To the authorities, after all, it seemed an open-and-shut case. You couldn’t stage more of a riot than the trouble Roger Allen had fomented outside Thomas De Veil’s house. He had ignored the Riot Act, threatened informers, and tried to assault a magistrate. A crowd of a thousand had watched him do it, and so had the court justice, peering out through the shutters. If there was anyone in London they could throw the book at, it was Roger Allen. To the authorities, it didn’t seem as if anything could possibly go wrong.
Except that someone, somewhere, stumped up the cash for a defence lawyer. The lawyer could see exactly what Roger Allen’s
trial was about. He could see what the Gin Act was about; he could see what Londoners thought of prohibition, and Thomas De Veil, and informers, and what they were likely to think of Roger Allen. His first move was an objection ‘to all Esquires being on the Jury.’
Most people saw the Gin Act as an attack by the rich on the poor. Roger Allen was going to be tried by a jury of the poor.
The defence didn’t waste time querying the details of the case against Roger Allen. In a six-hour trial, as Thomas De Veil’s biographer put it, ‘the facts were incontestably proved.’ They took a different tack instead. Roger Allen pleaded insanity. His old master swore ‘he was so weak and silly he could be of no service to him in his trade, nor would he ever learn it.’ Allen’s mother ‘depos[ed] he was
a silly weak fellow
.’ The jury couldn’t deny what had happened in Thrift Street, but they weren’t being asked to. The defence had given them room for manoeuvre. After an hour’s deliberation, Roger Allen was acquitted of all charges.
Public reaction was ecstatic. ‘Westminster Hall was so full one might have walked on the people’s heads,’ reported the
London Evening Post
, ‘and the mob on hearing of his being acquitted, were so insolent as to huzza for a considerable time, whilst the court was sitting. In the Hall Yard a set of butchers waited for the issue, and finding the fellow was acquitted, they rung him home with a peal upon their marrow-bones and cleavers.’ That was the traditional fanfare of Londoners’ disrespect. As for the hero of the moment, now legally classified insane, the crowd chaired him out of the hall and set him up on a wall in Old Palace Yard. Roger Allen decided to make a speech. He was feeling pleased with himself. He should have been on his way to Tyburn; instead, he was the hero of the hour. ‘Gentlemen,’ he said, ‘I thank you very kindly for this honour, but the great liberty of mobbing a justice now and then (and my own life) had been certainly lost, if I had not had wit enough to prove myself a fool.’
For the authorities, it was a devastating blow. They were supposed to be living in the Age of Oligarchy. They were defending the Riot Act, their main weapon of social control, and a recent law which was the subject of a vigorous enforcement drive. No one in London disputed what Roger Allen had done. And despite all that, they had failed to bring in a verdict against him.
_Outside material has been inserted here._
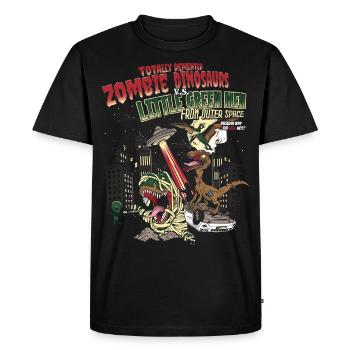 23F 0381 bk - Men's Premium Organic T-Shirt - black - Front - Nico (187cm)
It was a blow to Thomas De Veil’s prestige, and a blow for the clamp-down on the Gin Act. The Westminster magistrates tried to pick up the pieces a few days after the trial. Even before Allen’s acquittal, two constables had had to abandon an arrest when some passers-by started shouting, ‘“Informers, Mob them,”’ and ‘followed the constables all the way to the Old Palace Yard calling out “Mob them, Mob them” several times.’
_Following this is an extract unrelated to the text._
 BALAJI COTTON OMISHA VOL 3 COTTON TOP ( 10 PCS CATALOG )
Now, the High Constable told the bench, ‘on Allen’s being acquitted the constables were afraid to go out with precepts as they had done, lest the populace, encouraged by his acquittal, should rise on them. And … the Excise Officer who [attends] the Justices … inform’d the bench that the witnesses were so terrified on Allen’s acquittal that he could not prevail on many of them to appear as usual.’ No gin-sellers were sent to Bridewell that day.